**YOUR GOAL**
Nothing but the lines below from the one that contains "Checkers LiquorShop Willowbridge" through the one that contains "Picture of: Rhinestone" should be retyped, exactly and including both ends. Do not include pictures.

**DATA TO PROCESS**
------------------------------------------------------------------------

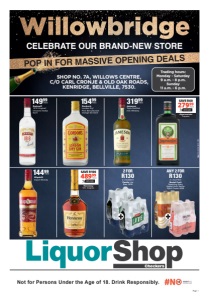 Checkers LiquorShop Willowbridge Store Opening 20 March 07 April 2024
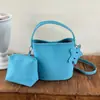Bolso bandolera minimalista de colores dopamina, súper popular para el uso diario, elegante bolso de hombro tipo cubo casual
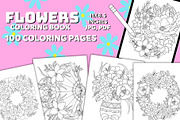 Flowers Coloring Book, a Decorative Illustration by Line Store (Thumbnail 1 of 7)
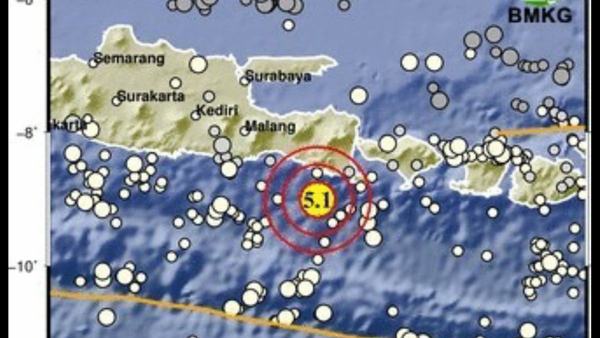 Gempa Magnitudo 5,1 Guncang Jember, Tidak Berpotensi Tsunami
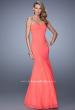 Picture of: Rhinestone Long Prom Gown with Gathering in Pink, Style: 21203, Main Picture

------------------------------------------------------------------------

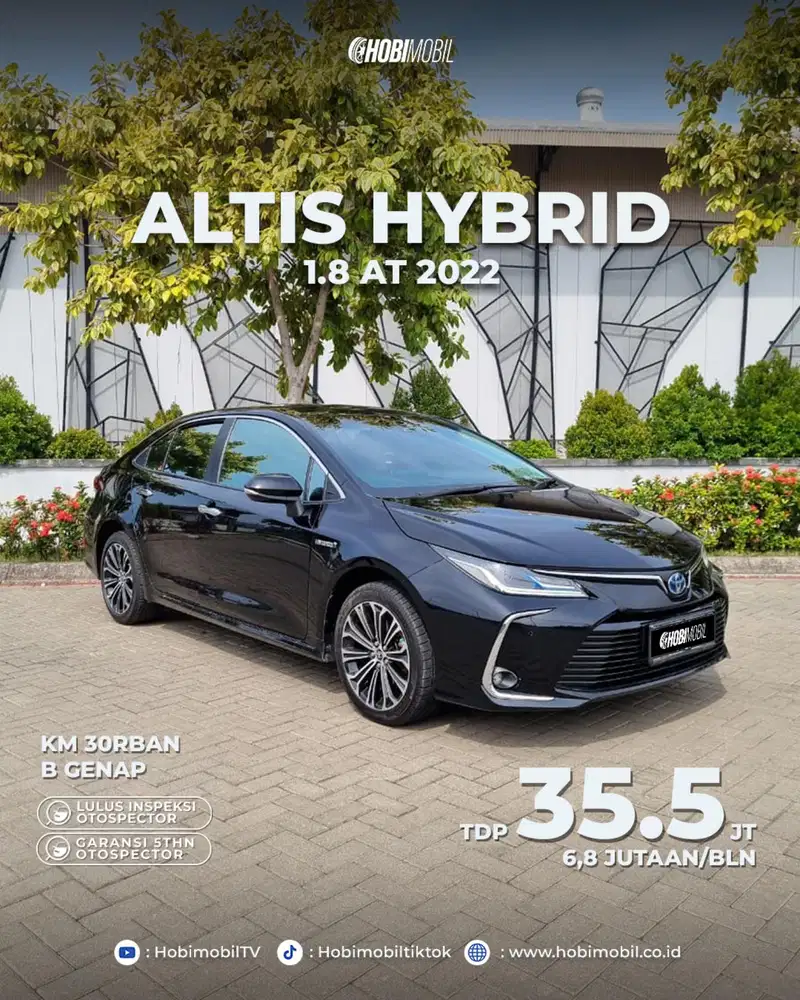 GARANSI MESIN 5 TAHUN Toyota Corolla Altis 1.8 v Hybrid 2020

------------------------------------------------------------------------

**ANSWER SPACE**
 Checkers LiquorShop Willowbridge Store Opening 20 March 07 April 2024
Bolso bandolera minimalista de colores dopamina, súper popular para el uso diario, elegante bolso de hombro tipo cubo casual
 Flowers Coloring Book, a Decorative Illustration by Line Store (Thumbnail 1 of 7)
 Gempa Magnitudo 5,1 Guncang Jember, Tidak Berpotensi Tsunami
 Picture of: Rhinestone Long Prom Gown with Gathering in Pink, Style: 21203, Main Picture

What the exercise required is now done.